╔══
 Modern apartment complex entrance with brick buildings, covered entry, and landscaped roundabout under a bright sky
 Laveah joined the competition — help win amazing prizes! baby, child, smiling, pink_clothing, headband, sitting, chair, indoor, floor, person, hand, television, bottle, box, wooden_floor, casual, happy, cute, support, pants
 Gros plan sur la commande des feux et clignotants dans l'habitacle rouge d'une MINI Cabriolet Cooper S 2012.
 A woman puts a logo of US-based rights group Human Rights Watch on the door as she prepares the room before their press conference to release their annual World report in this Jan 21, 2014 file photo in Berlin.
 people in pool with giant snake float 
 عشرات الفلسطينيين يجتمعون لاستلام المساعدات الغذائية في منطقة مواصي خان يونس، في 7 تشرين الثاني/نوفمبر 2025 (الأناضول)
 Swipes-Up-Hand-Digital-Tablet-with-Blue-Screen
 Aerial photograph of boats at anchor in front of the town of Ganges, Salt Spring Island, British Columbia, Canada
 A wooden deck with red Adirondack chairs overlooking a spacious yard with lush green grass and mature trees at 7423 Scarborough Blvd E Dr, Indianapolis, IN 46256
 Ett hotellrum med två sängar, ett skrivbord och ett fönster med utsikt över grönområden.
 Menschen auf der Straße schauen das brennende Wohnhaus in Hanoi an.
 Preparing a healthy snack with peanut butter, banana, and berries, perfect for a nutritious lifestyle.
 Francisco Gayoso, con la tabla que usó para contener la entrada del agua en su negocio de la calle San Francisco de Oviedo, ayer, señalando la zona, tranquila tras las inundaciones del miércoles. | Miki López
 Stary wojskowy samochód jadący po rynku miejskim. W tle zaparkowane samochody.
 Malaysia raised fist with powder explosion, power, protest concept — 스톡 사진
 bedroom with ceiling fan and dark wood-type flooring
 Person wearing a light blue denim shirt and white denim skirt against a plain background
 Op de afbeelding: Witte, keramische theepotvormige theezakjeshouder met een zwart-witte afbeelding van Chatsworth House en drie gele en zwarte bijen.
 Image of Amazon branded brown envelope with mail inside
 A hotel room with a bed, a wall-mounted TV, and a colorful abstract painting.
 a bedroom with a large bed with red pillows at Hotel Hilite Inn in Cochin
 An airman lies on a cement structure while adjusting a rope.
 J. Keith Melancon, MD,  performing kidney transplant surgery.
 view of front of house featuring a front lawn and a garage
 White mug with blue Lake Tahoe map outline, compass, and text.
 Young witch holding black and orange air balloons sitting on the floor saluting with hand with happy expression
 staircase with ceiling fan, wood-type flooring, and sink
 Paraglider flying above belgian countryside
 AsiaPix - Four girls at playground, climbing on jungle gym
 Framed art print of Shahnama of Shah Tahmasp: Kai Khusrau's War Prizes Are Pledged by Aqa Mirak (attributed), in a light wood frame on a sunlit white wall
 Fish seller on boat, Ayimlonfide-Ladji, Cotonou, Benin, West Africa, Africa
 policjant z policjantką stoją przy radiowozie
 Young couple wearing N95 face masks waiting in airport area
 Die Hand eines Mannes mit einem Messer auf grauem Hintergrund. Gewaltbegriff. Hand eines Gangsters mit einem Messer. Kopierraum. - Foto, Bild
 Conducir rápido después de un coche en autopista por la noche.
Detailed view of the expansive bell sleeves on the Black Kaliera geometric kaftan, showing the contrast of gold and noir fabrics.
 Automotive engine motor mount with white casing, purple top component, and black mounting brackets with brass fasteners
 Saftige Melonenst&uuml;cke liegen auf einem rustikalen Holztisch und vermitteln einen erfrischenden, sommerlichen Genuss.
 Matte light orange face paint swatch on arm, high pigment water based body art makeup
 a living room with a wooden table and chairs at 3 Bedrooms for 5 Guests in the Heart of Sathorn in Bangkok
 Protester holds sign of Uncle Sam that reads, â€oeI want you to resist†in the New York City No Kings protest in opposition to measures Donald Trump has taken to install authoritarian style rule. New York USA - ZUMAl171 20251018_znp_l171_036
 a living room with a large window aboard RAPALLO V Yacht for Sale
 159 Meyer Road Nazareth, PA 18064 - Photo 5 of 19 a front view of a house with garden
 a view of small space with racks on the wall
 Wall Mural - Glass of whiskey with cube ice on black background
╚══
__What to produce__: Note each line of the material holding "protest" and copy it out.

__Task output__:
 Malaysia raised fist with powder explosion, power, protest concept — 스톡 사진
 Protester holds sign of Uncle Sam that reads, â€oeI want you to resist†in the New York City No Kings protest in opposition to measures Donald Trump has taken to install authoritarian style rule. New York USA - ZUMAl171 20251018_znp_l171_036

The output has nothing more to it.